Isaïe Julien Weill est né à Versailles en 1873[1],[2]. Son père, Emmanuel Weill[3], rabbin de Versailles (de 1867 à 1875) puis adjoint du grand rabbin de France et à partir de 1882 rabbin de la synagogue de la rue Buffault à Paris, est originaire d'Ensisheim dans le Haut-Rhin. Sa mère, Adèle, est la fille du rabbin Heymann Dreyfuss de Saverne et la sœur de Jacques-Henri Dreyfuss, grand rabbin de Belgique et futur grand rabbin de Paris[4].
Il étudie au lycée Janson-de-Sailly puis de 1891 à 1897, au séminaire israélite de France, à Paris.
Il épouse Hélène Kahn, la troisième fille de Zadoc Kahn, le grand-rabbin de France[5],[6]. Il est l'oncle d'Odette Monod-Bruhl, curateur au Musée national des arts asiatiques-Guimet, de sa sœur Lise Bruhl, épouse du zoologiste Georges Teissier, et de Geneviève Zadoc-Kahn, régisseuse des concerts Musigrains.
André Baur, mort en déportation à Auschwitz, le président de l'Union libérale israélite[7] et dirigeant de l'UGIF, est un neveu de Julien Weill[8],[9].
Il devient le rabbin de Versailles, où son père avait été rabbin.
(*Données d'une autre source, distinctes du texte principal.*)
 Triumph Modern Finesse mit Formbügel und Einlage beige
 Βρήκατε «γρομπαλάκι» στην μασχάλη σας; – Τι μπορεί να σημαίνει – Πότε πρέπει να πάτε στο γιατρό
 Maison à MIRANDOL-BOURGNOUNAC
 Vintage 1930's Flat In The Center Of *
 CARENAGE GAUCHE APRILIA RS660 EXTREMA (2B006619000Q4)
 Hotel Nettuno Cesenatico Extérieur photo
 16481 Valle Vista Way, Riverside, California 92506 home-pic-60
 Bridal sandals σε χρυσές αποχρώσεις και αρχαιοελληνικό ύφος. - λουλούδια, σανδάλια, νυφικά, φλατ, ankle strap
De 1905 à 1928, il enseigne, au séminaire israélite de France, les littératures anciennes et françaises. Il remplace son maître Albert Cahen, devenu inspecteur général de l'enseignement secondaire.
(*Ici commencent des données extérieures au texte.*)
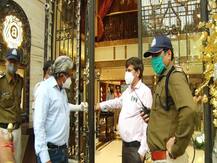 इंदौर: दिवाली पर 20 कर्मचारी संक्रमित आने के बाद बंद की गई ज्वेलर्स की दुकान, ग्राहकों की हो रही है जांच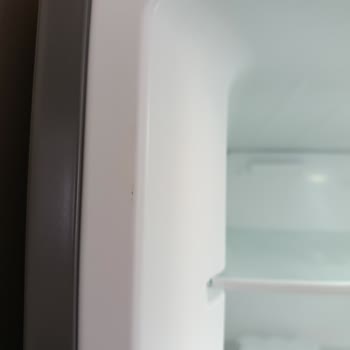 Yeni Alınan Buzdolabında Soğutma Ve Çizik Sorunlarıyla İlgilenilmedi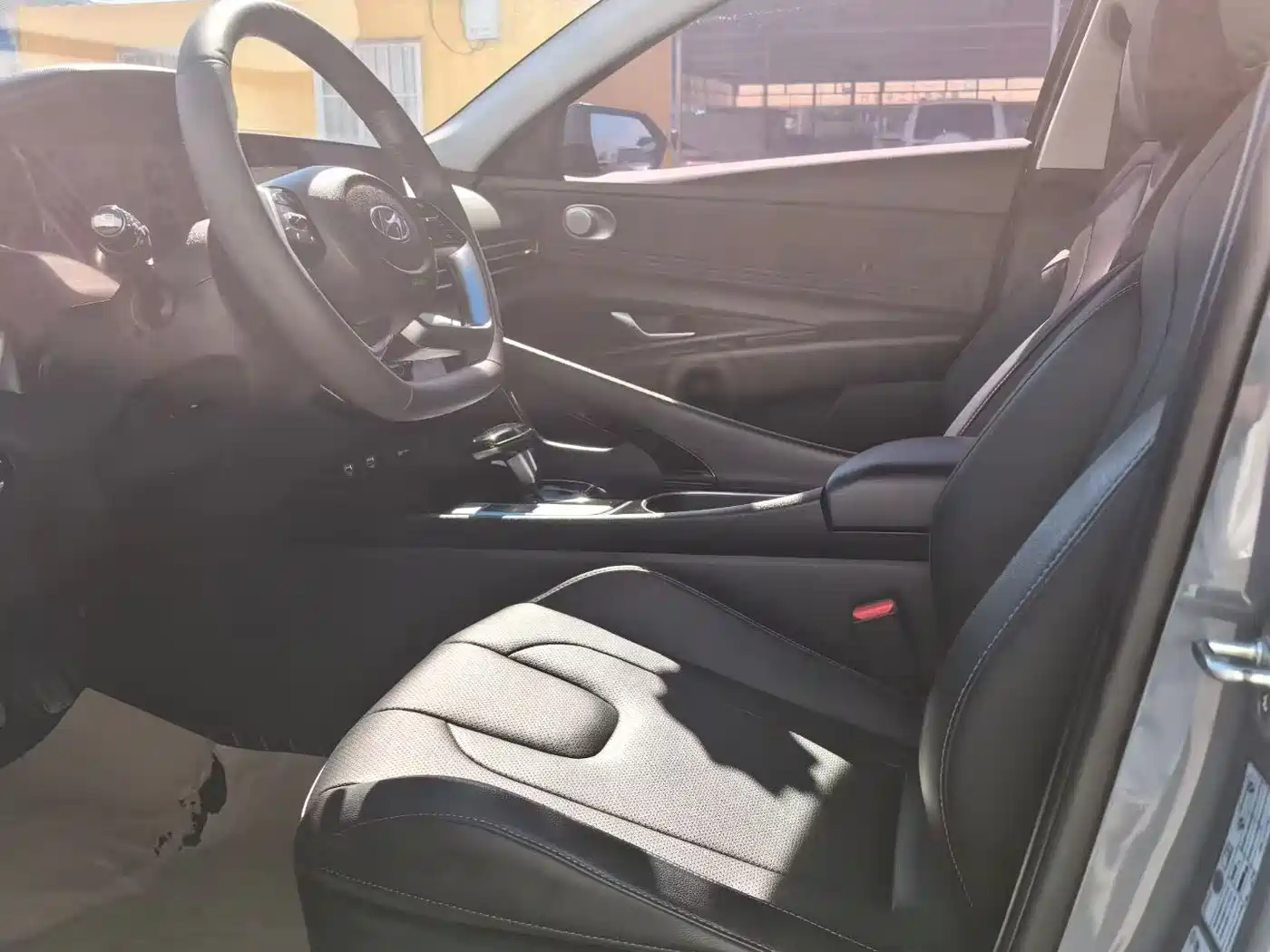 Hyundai Elantra 2021 1.5L CVT LUX Premium Edition фото 4
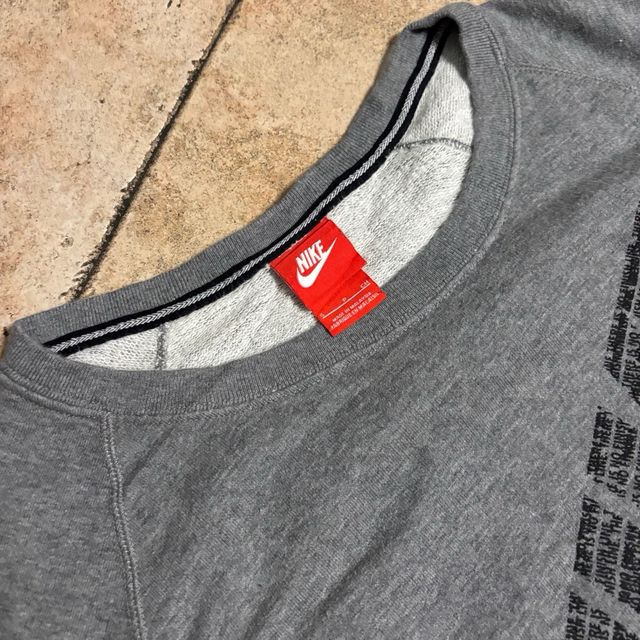 Nike Hoodie Grey Streetwear Logo BlackY2K Vintage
En 1914, il est nommé aumônier de la 8e CA par le grand rabbin de France Alfred Lévy en accord avec le ministère de la Guerre[10].
De 1924 à 1926, Julien Weill est rabbin à Dijon[11].
En 1931, il devient le suppléant de son oncle, le grand rabbin de Paris, Jacques-Henri Dreyfuss, ce dernier étant malade. Lorsque Dreyfuss meurt en 1933, il lui succède au poste de grand-rabbin de Paris.
Il préside aux funérailles religieuses d'André Citroën, au cimetière du Montparnasse, le vendredi [12].
Julien Weill participe aux activités de la Société des études juives, aux côtés de son beau-père, Zadoc Kahn et de son beau-frère, le rabbin Israël Lévi. Il devient successivement secrétaire, puis secrétaire général, puis président[Quand ?] et rédacteur de la Revue des études juives.
Il écrit des articles sur la Bible, l'épigraphie, la Littérature juive, l'histoire, la théologie. Il s'occupe de la revue bibliographique. Il fait des comptes-rendus d'ouvrages parus en allemand, en anglais, en hébreu et en français.
En 1938, après la nuit de Cristal (Kristallnacht), Julien Weill tombe dans un piège que lui a tendu le journal Le Matin, qui sympathise avec les thèses nazies.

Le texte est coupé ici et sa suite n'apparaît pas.